Normalienne agrégée et docteure en philosophie, Muriel Van Vliet publie un opuscule passionnant, L’Anthropologie de l’art, aux éditions Apogée.
L’anthropologie de l’art est une discipline qui étudie les œuvres d’art sous l’angle de la diversité culturelle, en considérant les aspects esthétiques, techniques, religieux, sociaux ou politiques. Elle a émergé au XIXe siècle, en même temps que l’apparition de catalogues et revues comparant l’art occidental et extra-occidental. Les ethnologues et paléontologues se sont par exemple intéressés aux objets hybrides, situés entre art et technique, art et religion, art et proto-écriture. Dans son opuscule, Muriel Van Vliet verbalise des conceptions de l’art qui diffèrent nettement de l’esthétique traditionnelle défendue par des penseurs tels que Boileau, Hume, Kant ou Hegel. Il s’agit de questionner les normes absolues de l’art, la hiérarchisation des genres artistiques et les critères universels du « beau ».

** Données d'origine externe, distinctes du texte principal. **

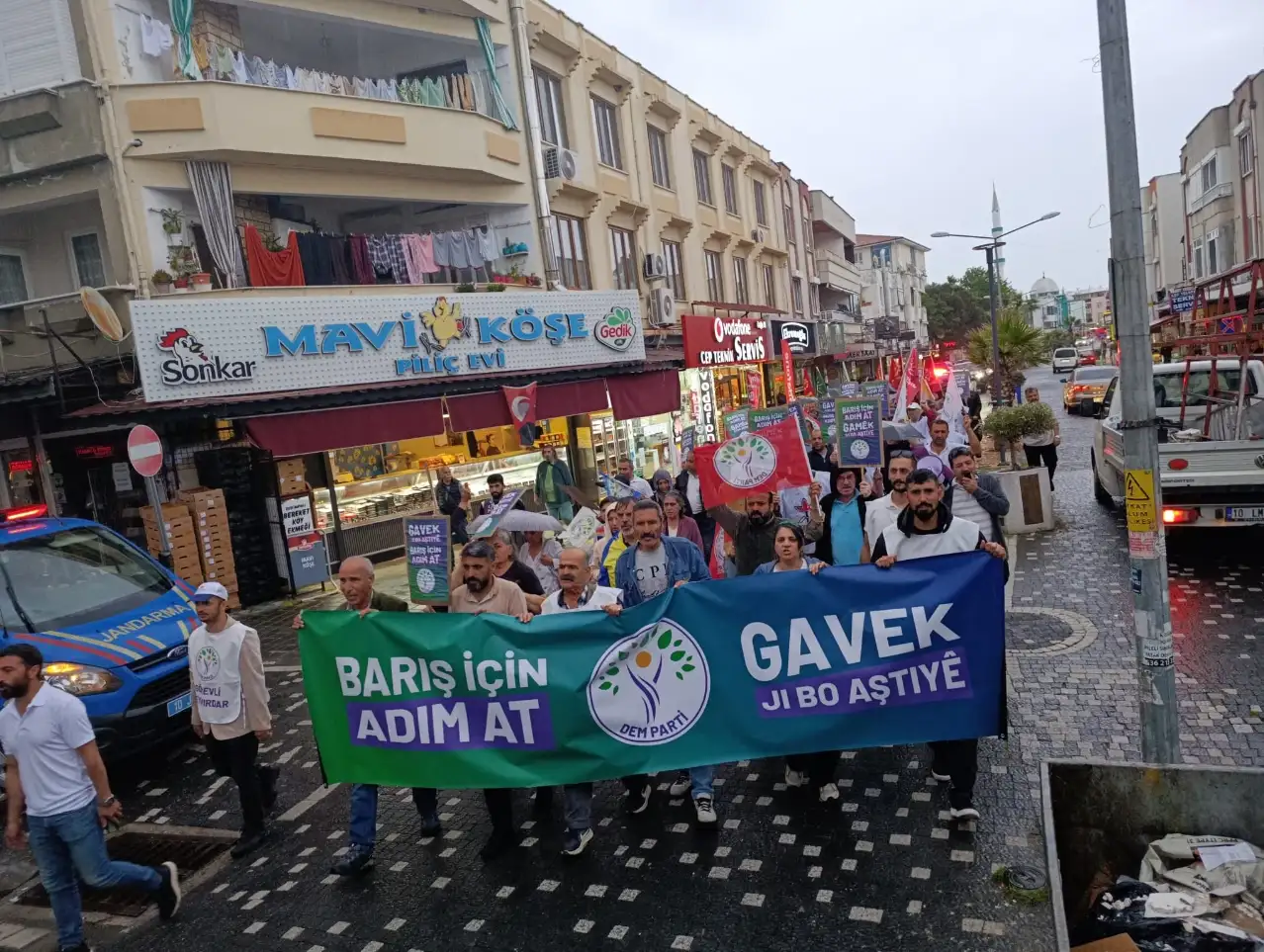 DEM Parti Edremit İlçe Örgütü barış yürüyüşü ve basın açıklaması düzenledi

Dans l’opuscule de Muriel Van Vliet, la représentation des œuvres, leur insertion dans leur culture d’origine, leur présentation dans les musées, le rapport qu’entretiennent les sociétés avec elles, l’impact de la photographie sur elles et même les articulations entre l’anthropologie de l’art et l’écologie vont être abondamment discutés. L’auteure aborde successivement plusieurs théoriciens de l’art, d’Aby Warburg à Ernst Cassirer en passant par Erwin Panofsky ou André Leroi-Gourhan. Chacun a apporté sa pierre réflexive à un édifice patiemment construit, proposant un nouveau regard sur l’art et ses problématisations.
Historien de l’art allemand du début du XXe siècle, Aby Warburg est notamment connu pour ses conceptions novatrices de l’art et des images. Sa Bibliothèque était organisée de manière particulière, selon un système de classement complexe, basé sur l’idée de parentés thématiques. Warburg avait la conviction que les œuvres d’art ne peuvent être comprises indépendamment de leur contexte culturel. Il était intéressé par les connexions entre l’art, la religion, la mythologie, la philosophie et d’autres domaines de la culture. Selon lui, les images ont une vie propre et peuvent être considérées comme des témoins de la pensée humaine à travers le temps. Il a favorisé l’interaction entre disciplines, atténuant la séparation entre art majeur et mineur, et mettant l’accent sur l’émotion et le rituel dans l’art. Son travail reflétait une fascination pour le parcours de l’humanité de l’irrationnel à la rationalité, et l’intérêt pour le traumatisme et l’affect dans l’art. Il a utilisé la photographie pour accéder à des œuvres autrement inaccessibles et mettre en lumière la survivance à travers les images.
Ernst Cassirer, philosophe allemand du XXe siècle, partageait avec Aby Warburg la mise en valeur des aspects irrationnels de la culture. Ils considéraient l’art et le rituel comme des contrepoints essentiels à l’abstraction de la science, ce qui élargit l’approche esthétique au-delà de la beauté pour inclure la culture dans son ensemble. Cassirer et Warburg se concentraient sur le processus complet de signification. Ils cherchaient à comprendre comment nous donnons du sens au monde de différentes façons. Leur philosophie se concentre sur la relation entre le sujet et le monde, et entre les sujets eux-mêmes.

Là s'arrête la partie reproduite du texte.